Posted: 09.02.2022 16:06:00

Foreign Ministry: preparations for Allied Resolve are extremely transparent

Preparations for the Allied Resolve 2022 exercise are conducted as transparently as possible – as stated by Belarus’ Deputy Foreign Minister, Sergei Aleinik, BelTA reports

Mr. Aleinik’s address to participants of the Collective Security in a New Era: Experience and Prospects of the CSTO conference – held today at the Valdai Discussion Club in Moscow with the support of the Russian Foreign Ministry – was read out by Belarus’ Permanent and Plenipotentiary Representative to the CSTO, Vyacheslav Remenchik.

Mr. Aleinik stated that NATO forces and assets are being built up on Belarus’ western borders and the military infrastructure is being modernised. The intensity and scale of operational and combat training activities of the alliance’s member states on the European continent are enhancing. “Over the past year, the number of exercises of the coalition forces of the alliance’s members has more than tripled,” he noted.

"At the same time, Belarus – like our Russian allies – is being accused of escalating the tension in the region. A nervous reaction of the West, primarily of Ukraine, Poland and the Baltic States that are bordering us, to the Russia-Belarus Allied Resolve 2022 exercise which will begin on February 10th on our territory is a recent example. Preparations for the drill are held as transparently as possible. They are widely covered by the Belarusian and Russian defence ministries and the mass media. At the same time, European societies are continued to be frightened by every joint Belarusian-Russian exercise – deliberately forgetting that, after each drill, all troops return back to their permanent deployment points in Belarus and Russia," Mr. Aleinik stressed.

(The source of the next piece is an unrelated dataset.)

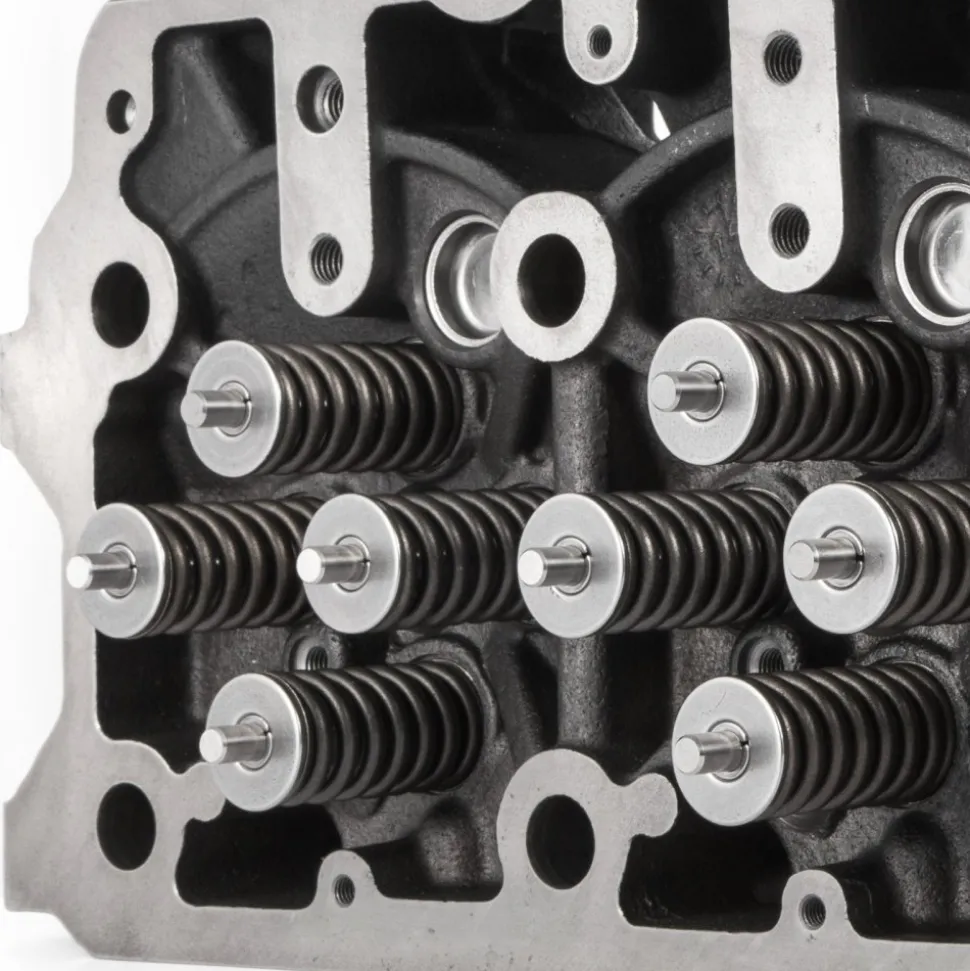 VEVOR Cylinder Head Assembled, Engine Cylinder Head Assembly Replacement 6.4L, Cast Iron Cylinder Head Fit for 08-10 Ford F250 F350 F450 F550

"Who benefits from this provocative rhetoric aimed at whipping up tension and escalating the situation in the region? Those who want to use the ‘Russian threat’ to obtain additional funds, primarily from the United States, for weapons and equipment, and also to create new military bases on their territory. Will it strengthen their own security and European security in general? I think this is a rhetorical question. This is a zero-sum game," Belarus’ Deputy Foreign Minister summed up.